Mittal Sudhanshu, Tatarchenko Maxim, Brox Thomas
IEEE Trans Pattern Anal Mach Intell. 2021 Apr;43(4):1369-1379. doi: 10.1109/TPAMI.2019.2960224. Epub 2021 Mar 4.
The ability to understand visual information from limited labeled data is an important aspect of machine learning. While image-level classification has been extensively studied in a semi-supervised setting, dense pixel-level classification with limited data has only drawn attention recently. In this work, we propose an approach for semi-supervised semantic segmentation that learns from limited pixel-wise annotated samples while exploiting additional annotation-free images. The proposed approach relies on adversarial training with a feature matching loss to learn from unlabeled images. It uses two network branches that link semi-supervised classification with semi-supervised segmentation including self-training. The dual-branch approach reduces both the low-level and the high-level artifacts typical when training with few labels. The approach attains significant improvement over existing methods, especially when trained with very few labeled samples. On several standard benchmarks-PASCAL VOC 2012, PASCAL-Context, and Cityscapes-the approach achieves new state-of-the-art in semi-supervised learning.

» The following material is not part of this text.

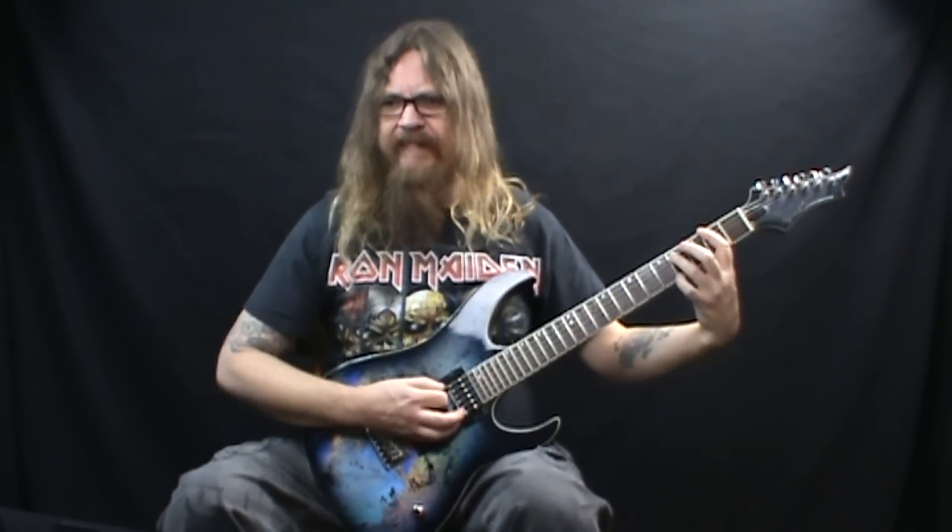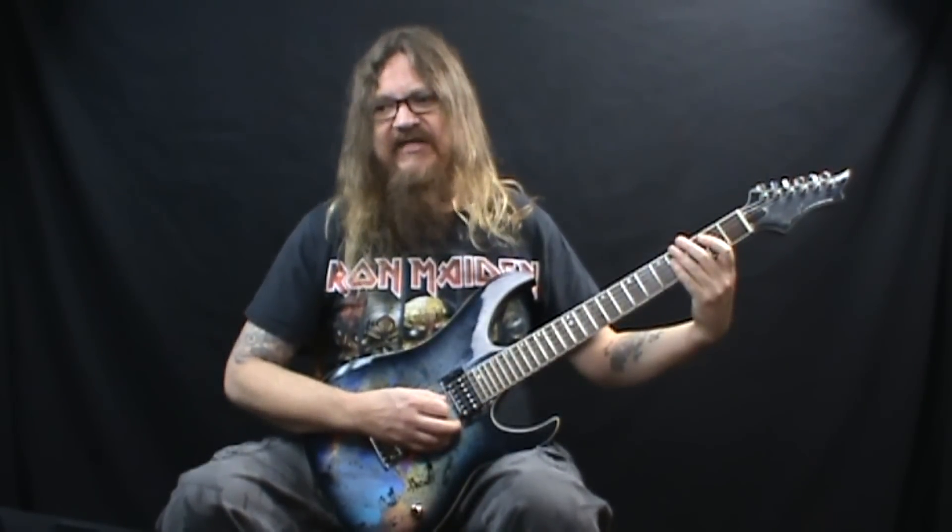Now we're going to do a D5 over A, which is simply just a standard open D chord, but we're going to play the 5th string open with it. Then we follow that with this little short run: 4th string open twice, and then the 4th fret of the 5th string to the 2nd fret. That's counted as 8th notes — it's beats 3 and 4 of that measure, 3 and 4 and.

从有限的带标签数据中理解视觉信息的能力是机器学习的一个重要方面。虽然图像级分类在半监督设置中已得到广泛研究,但数据有限的密集像素级分类直到最近才受到关注。在这项工作中,我们提出了一种半监督语义分割方法,该方法从有限的逐像素标注样本中学习,同时利用额外的无标注图像。所提出的方法依赖于带有特征匹配损失的对抗训练,以便从未标注图像中学习。它使用两个网络分支,将半监督分类与包括自训练在内的半监督分割联系起来。这种双分支方法减少了在使用少量标签进行训练时典型的低级和高级伪影。该方法相对于现有方法有显著改进,特别是在使用极少标注样本进行训练时。在几个标准基准数据集——PASCAL VOC 2012、PASCAL-Context和Cityscapes上,该方法在半监督学习中达到了新的最优水平。